I can already hear the reply, "What a slippery slope! First Google will make you verify identity for complete phone takeovers, but soon enough they'll try to verify developer identity for all apps."
But if I'm forced to choose between "any malware author can anonymously intercept texts and calls" or "only identified developers can do that, and maybe someday Google will go too far with it," I'm definitely picking the latter.
- You need to enable developer mode
- You need to click through a few scare dialogs
- You need to wait 24h once
I wonder how long this will last before they lock it down further. There was a lot of pushback this time around and they still ended up increasing the temperature of the metaphorical boiling frog. It still seems like they're pushing towards the Apple model where those who don't want to self-dox and/or pay get a very limited key (what Google currently calls "limited distribution accounts").
This is so overt.
The onus of protecting people's wealth should fall on the bank / institution who manages that persons wealth.
Nevertheless, this solution is better than ID verification for devs.
It's nice that Zelle has checks and identity information shown to you when you're sending money, but if I click through 5 screens that say "Yes I know this person" but I actually don't.....no amount of regulation is going to solve that.
I'm not sure what you're getting at with the rant about police power and a state? Google isn't the government either. What would legislation provide that banks can't already do today?
I suspect they are hoping users just give up and go to the play store instead. Google touts about "Play Protect" which scans all apps on the device, even those from unknown sources so these measures can barely be justified.
Imagine if Microsoft said you need to wait 24 hours before installing a program not from their store, which is against the entire premise of windows.
Computing, I once believed was based on an open idea that people made software and you could install it freely, yes there are bad actors, but that's why we had antivirus and other protection methods, now we're inch by inch losing those freedoms. iOS wants you to enter your date of birth now.
The future feels very uncertain, but we need to protect the little freedoms we have left, once they're gone, they're gone for good.
Developers can choose to not undergo verification, thereby remaining anonymous.
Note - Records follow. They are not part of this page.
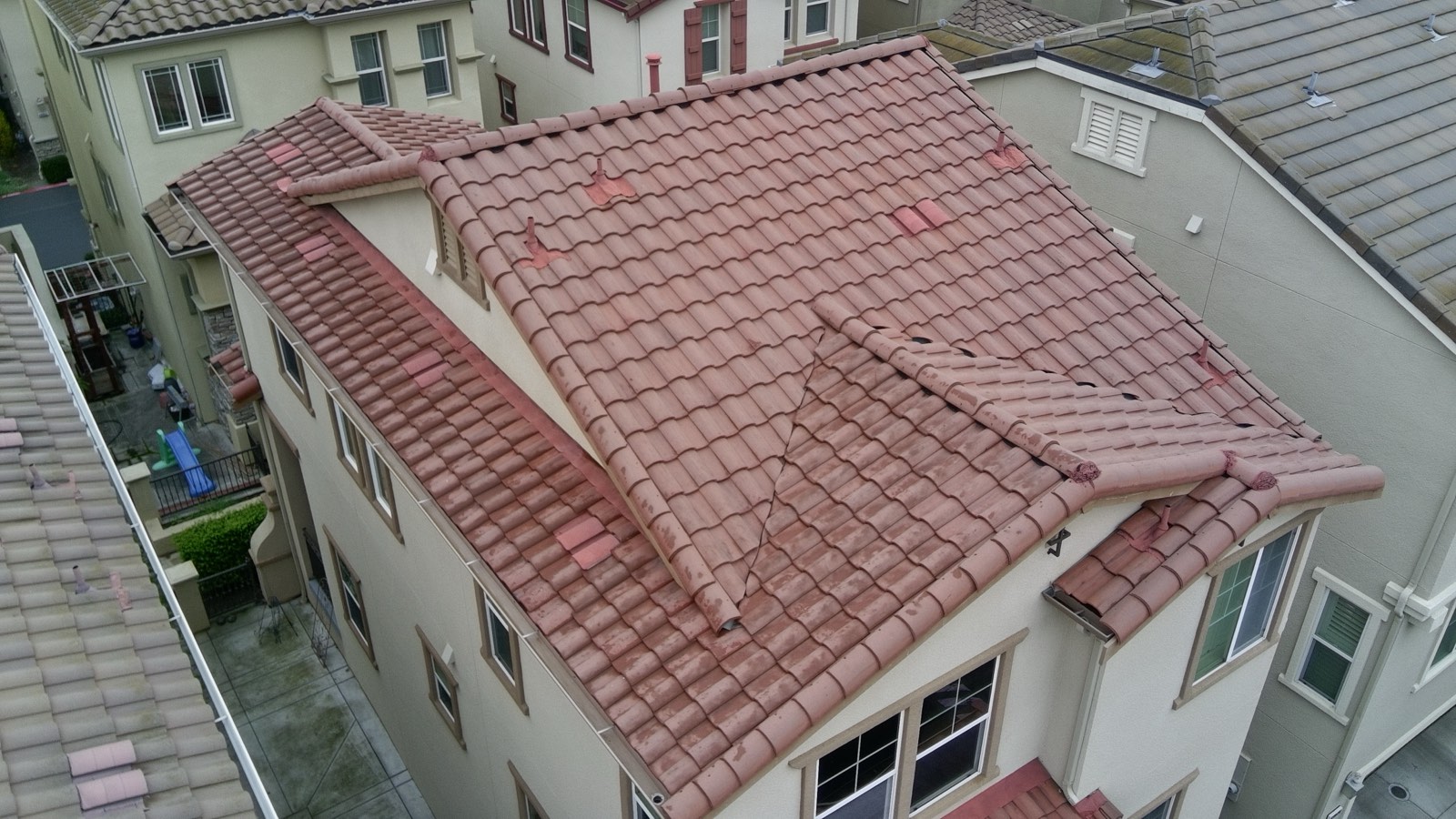 After — Milpitas S-tile roof clean, natural tile color restored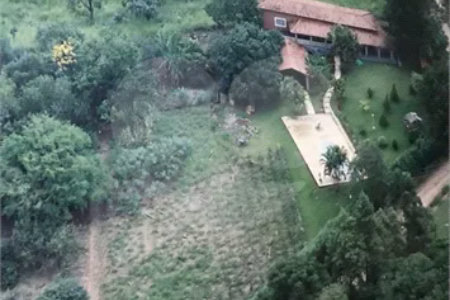 Chácara à venda com 4 quartos, sendo 1 suíte,  em Monterrey, Louveira, SP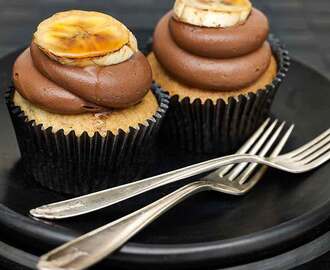 Banana  chocolate  chip cupcakes med Nutella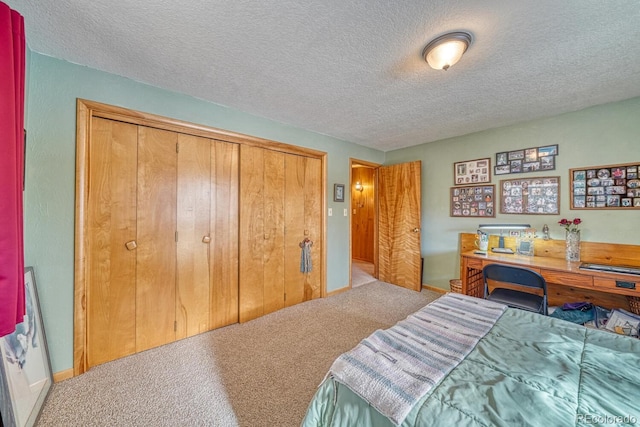 bedroom featuring carpet flooring, a closet, and a textured ceiling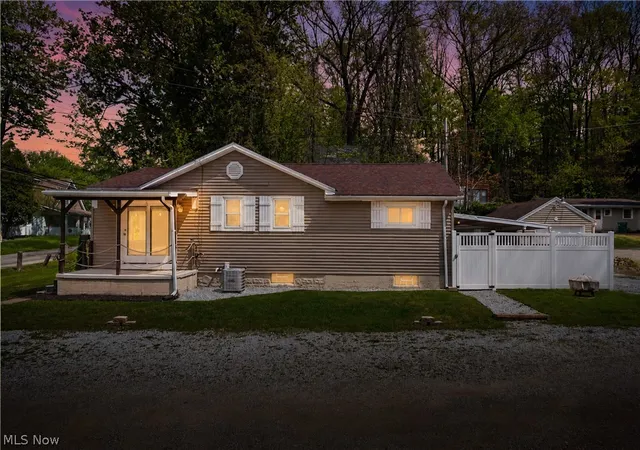 Photo 2 of Single family home for sale at 3771 S Turkeyfoot Rd, New Franklin, OH 44319 | MLS# 5207297 | Listing updated on 2026-08-24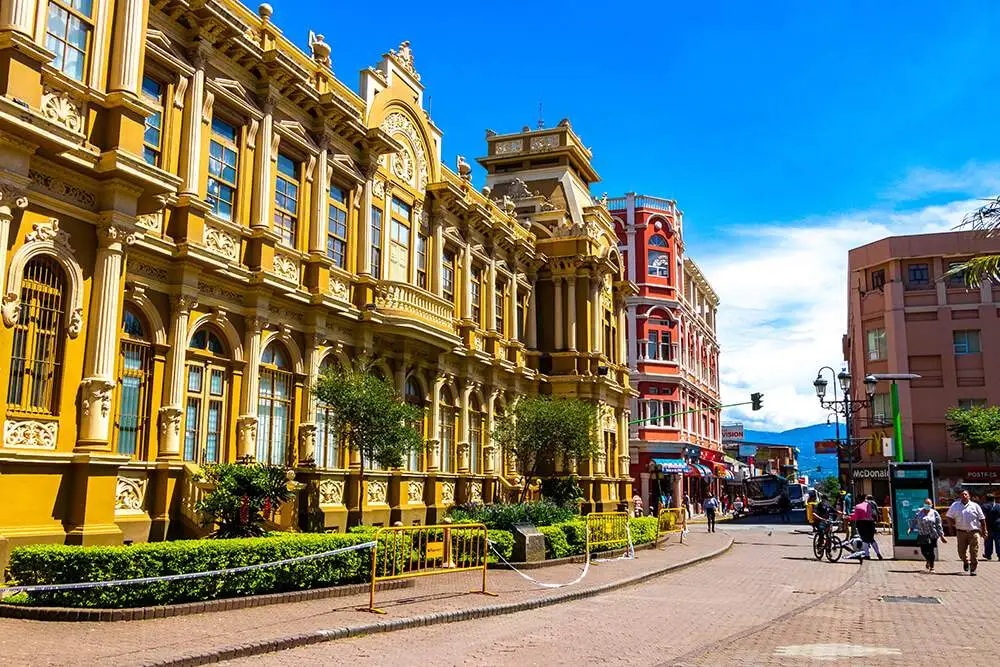 Why Wealthy Expats Relocate to Costa Rica, Panama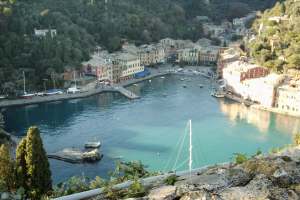 This is NOT an unverified 'web portal' or online directory - we select only those places that satisfy our criteria for price, quality, charm and location. The places to stay presented here are particularly suitable for accommodation only short-breaks. Places to stay have been carefully selected so that you can reach them easily - ideal for long weekends and short break holidays when short transfer times are important.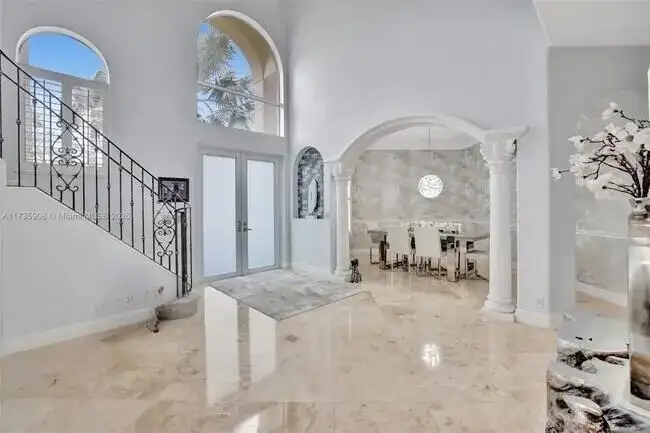 2844 NE 26th Avenue, Lighthouse Point FL 33064 photo 3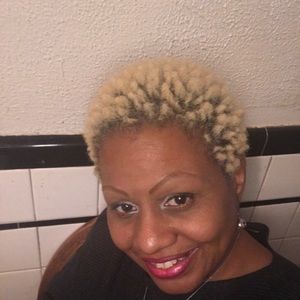 Meet your Posher, Sylvia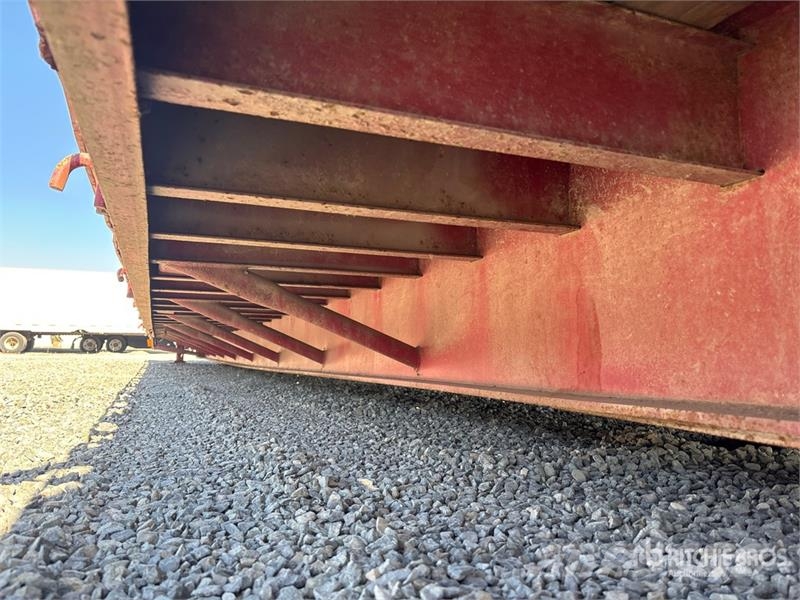 Fruehauf 48 ft T/A Double Drop Step Deck Trailer Tieflader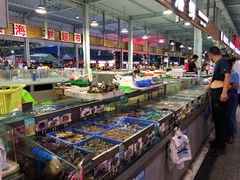 -四川小胡子海鲜(丁村万人海鲜广场店)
The only change is that their applications will need to be installed via ADB and/or this new advanced flow on certified Android devices.
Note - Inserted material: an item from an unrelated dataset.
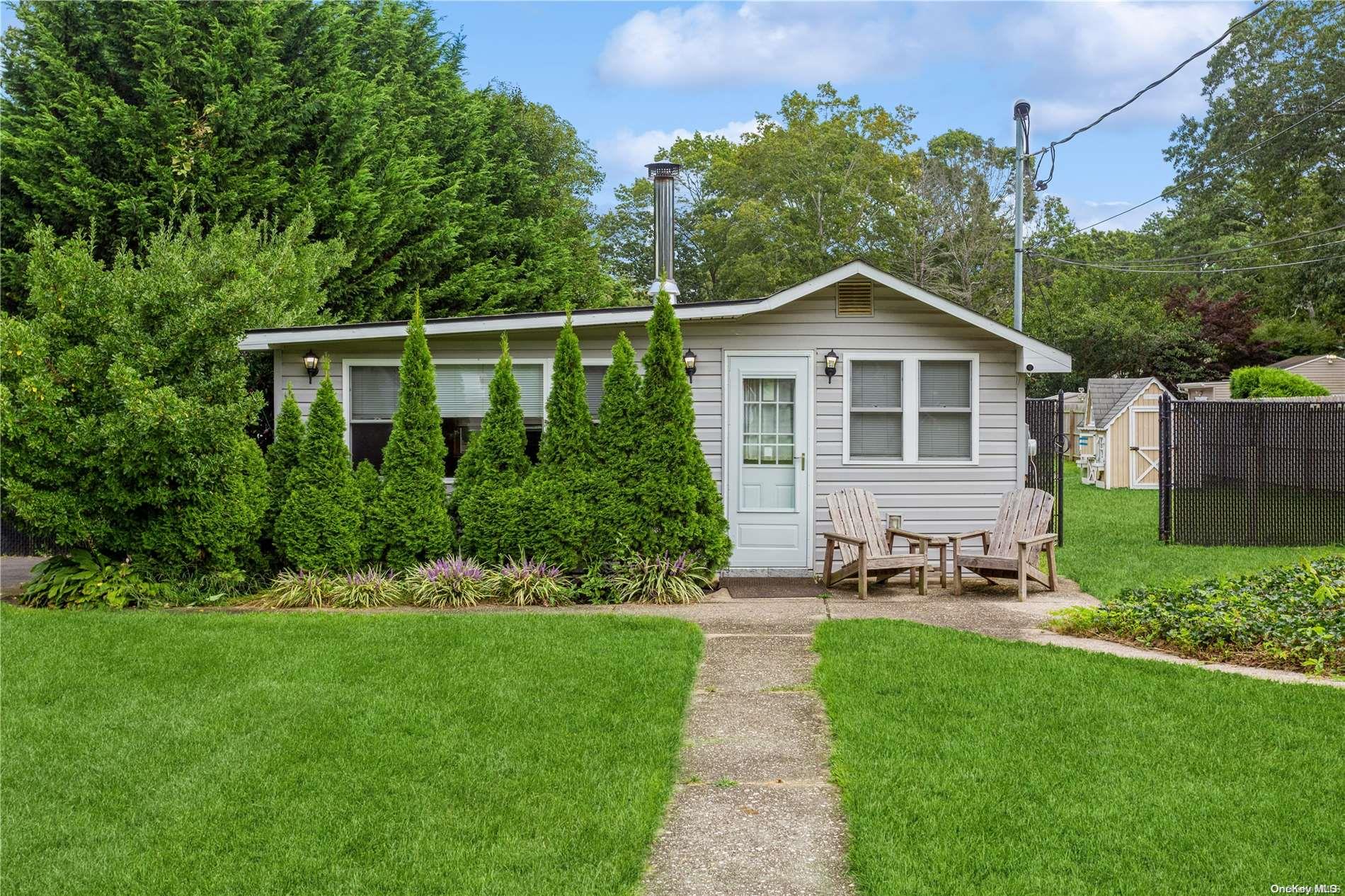 400 West End Avenue, Shirley, NY 11967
Either way, you can still distribute your apps wherever you want. If you verify your identity, then there are no changes to the existing installation flow from a user perspective. If you choose not to verify your identity, then the installation will still be possible but only through high-friction methods (ADB, advanced flow). These methods are high-friction so anonymous scammers can't easily coerce their victims into installing malicious software.
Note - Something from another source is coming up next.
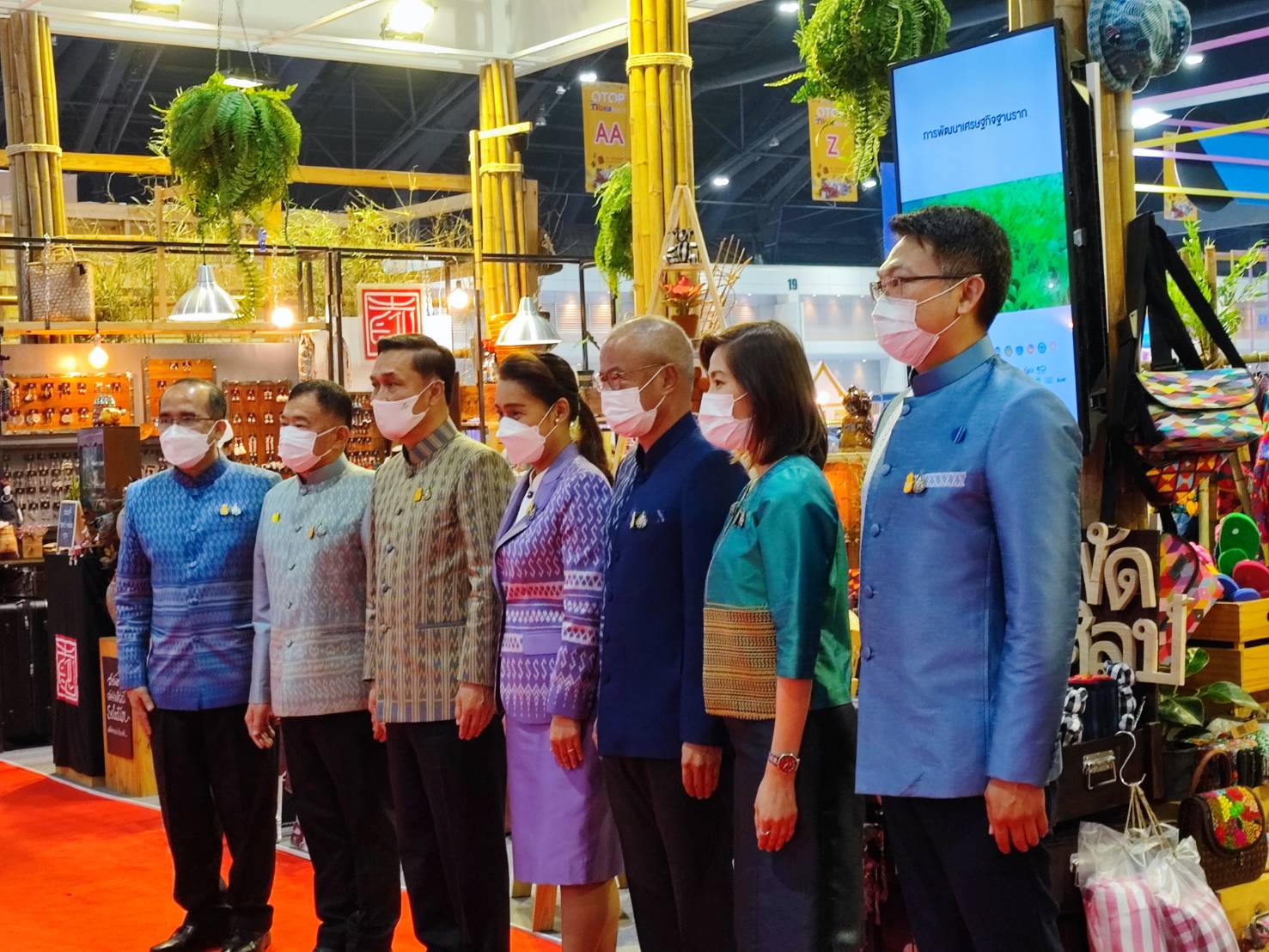 พช.สกลนคร : มท. 2 เปิดงาน OTOP ไทยสู้ภัยโควิด – 19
That means those apps still keep on existing, they are just more of a hassle to install.
> In addition to the advanced flow we’re building free, limited distribution accounts for students and hobbyists. This allows you to share apps with a small group (up to 20 devices) without needing to provide a government-issued ID or pay a registration fee.
i.e. Government-issued ID and fees are needed for more than 20 devices, e,g, every app on F-Droid
Note that the OP is about side loading, i.e. installing apps from non-Play Store sources and thereby circumventing developer verification.